▶ WORK REQUEST:
Apart from the pictures, every entry below must be given again exactly.

======== RECORDS FOR PROCESSING

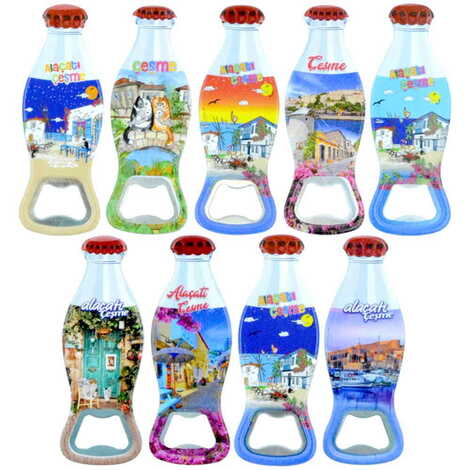 Alacati Region Themed Customised Uv Printed Coca Cola Bottle Shape Plastic Base Bottle Opener 42x120 mm - 3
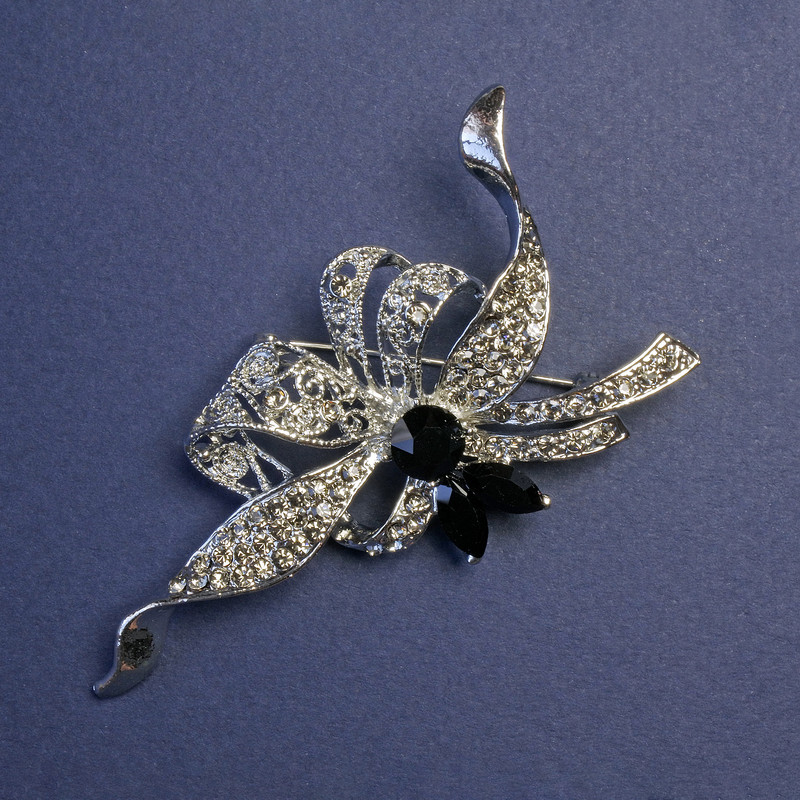 Brooch 'Accent' with Black Crystals and White Rhinestones, Silver-Toned Metal 78×41 mm +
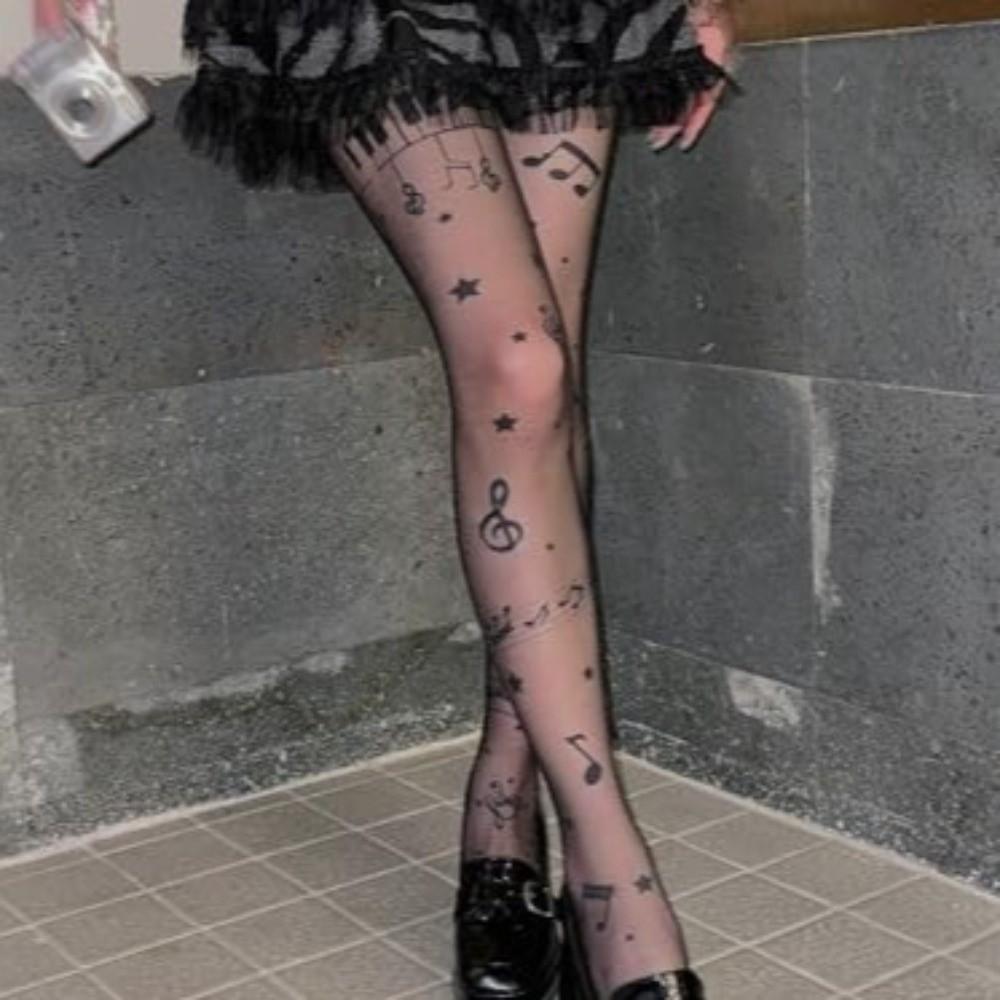 New Ultra-Thin Patterned Stockings Stretchy Fabric Symbol Print Music Note Tights JK Style Lolita Tights Club Party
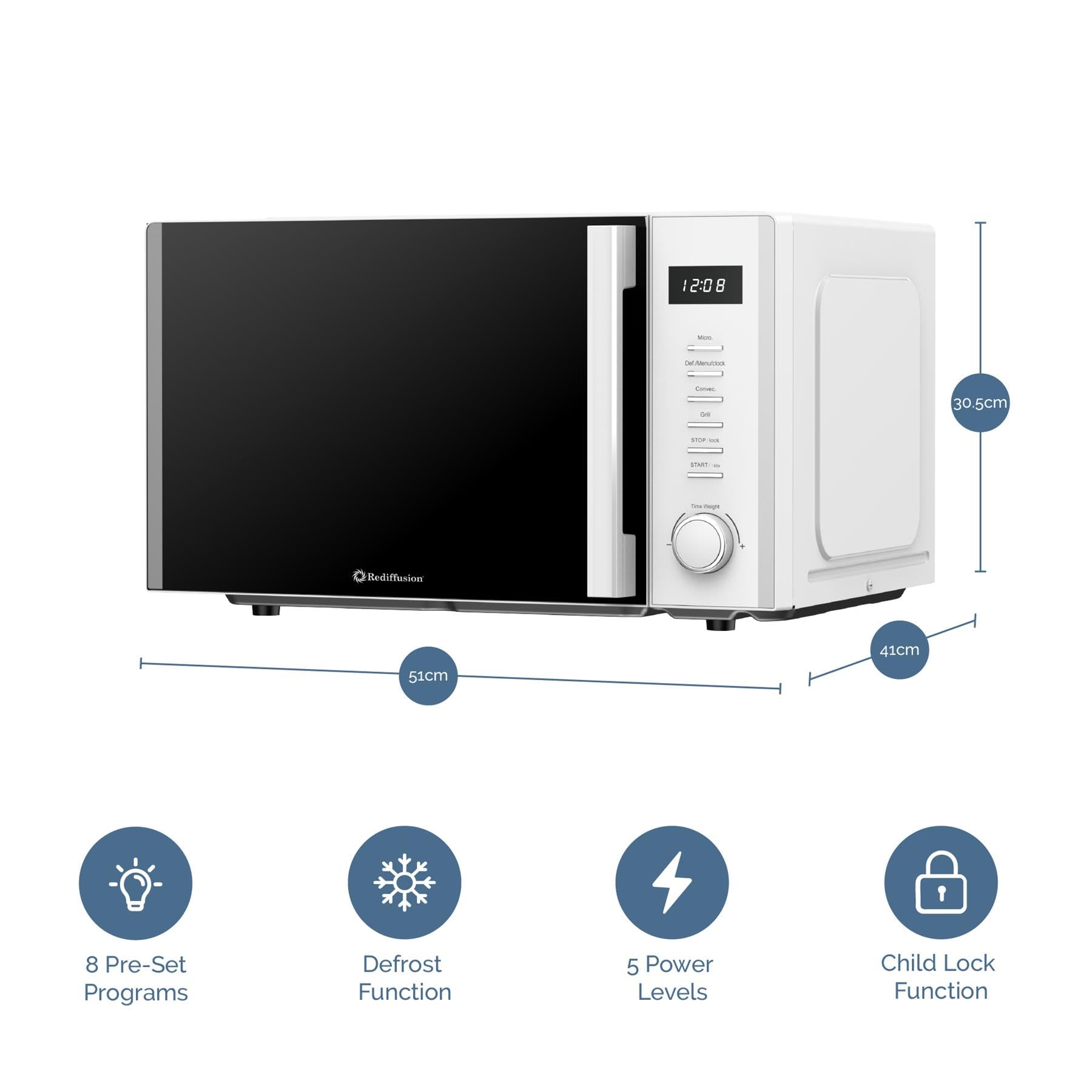 Rediffusion Microonde combinate digitali da 30 litri, forno a microonde da 900 W, griglia da 1200 W e convezione da 2200 W, griglia per grill, sbrinamento, cavità in acciaio inossidabile, 5 livelli di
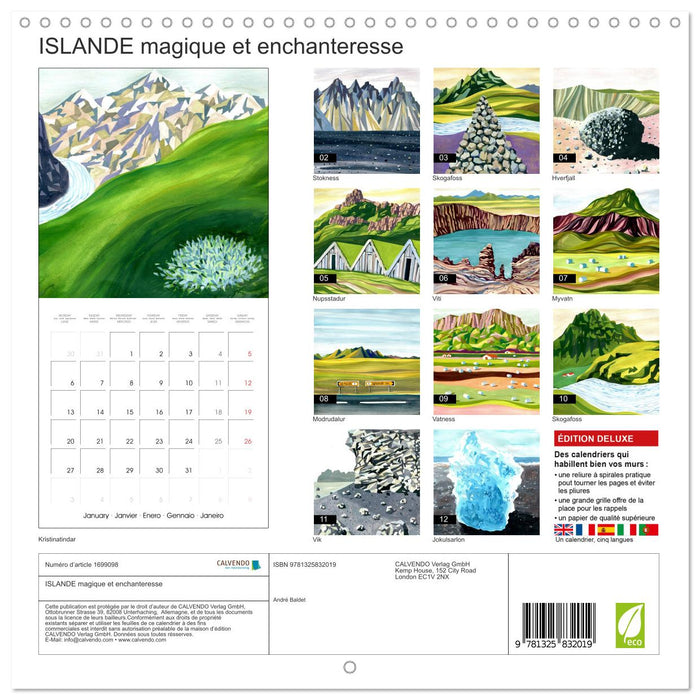 ISLANDE magique et enchanteresse (CALVENDO Calendrier mensuel 2025)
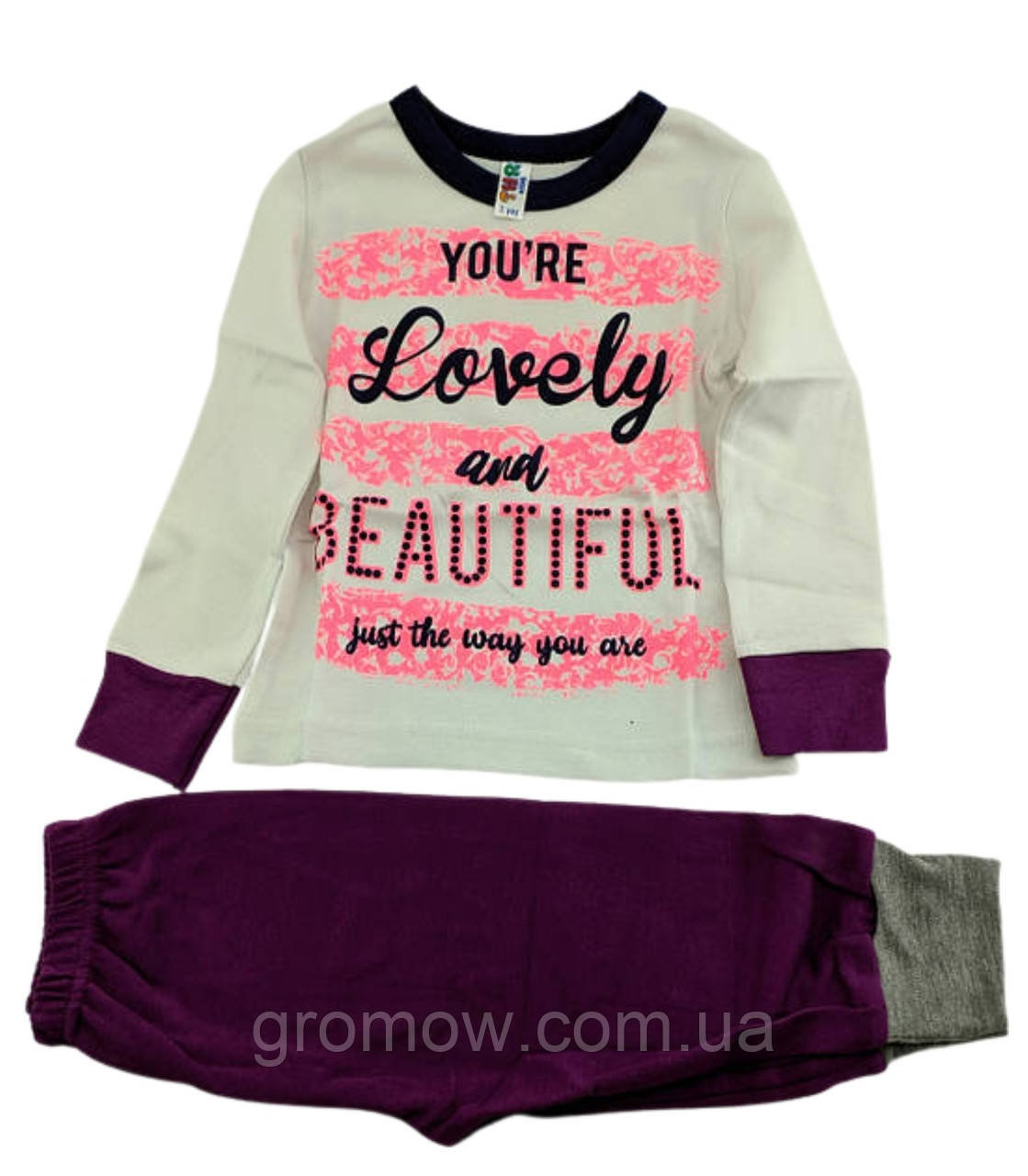 Піжама дитяча 2, 3 роки Туреччина бавовна з довгими рукавами та принтом фіолетовий (ПЖ1), фото 1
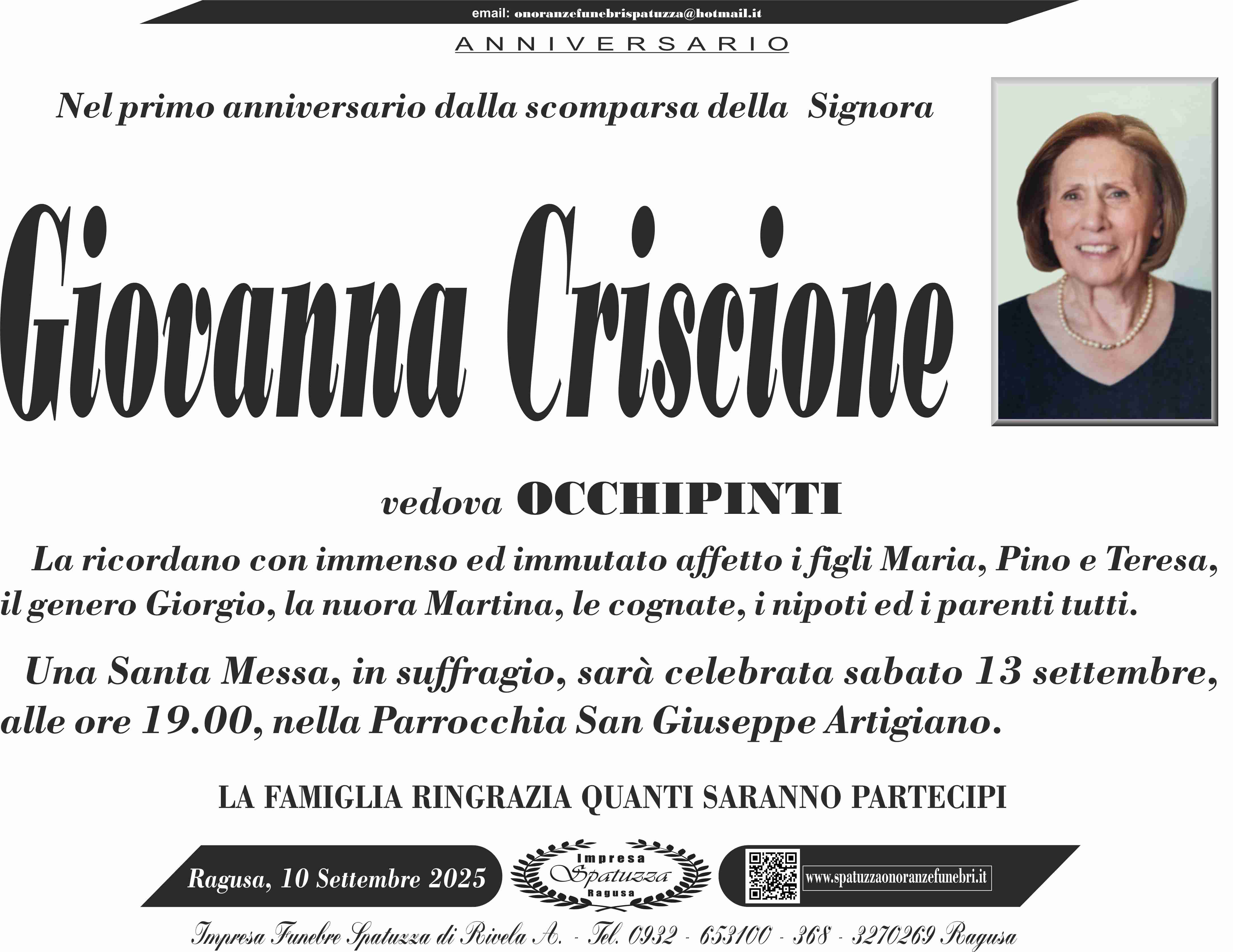Anniversario: Giovanna Criscione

================

▶ YOUR RESPONSE:
 Alacati Region Themed Customised Uv Printed Coca Cola Bottle Shape Plastic Base Bottle Opener 42x120 mm - 3
 Brooch 'Accent' with Black Crystals and White Rhinestones, Silver-Toned Metal 78×41 mm +
 New Ultra-Thin Patterned Stockings Stretchy Fabric Symbol Print Music Note Tights JK Style Lolita Tights Club Party
 Rediffusion Microonde combinate digitali da 30 litri, forno a microonde da 900 W, griglia da 1200 W e convezione da 2200 W, griglia per grill, sbrinamento, cavità in acciaio inossidabile, 5 livelli di
 ISLANDE magique et enchanteresse (CALVENDO Calendrier mensuel 2025)
 Піжама дитяча 2, 3 роки Туреччина бавовна з довгими рукавами та принтом фіолетовий (ПЖ1), фото 1
Anniversario: Giovanna Criscione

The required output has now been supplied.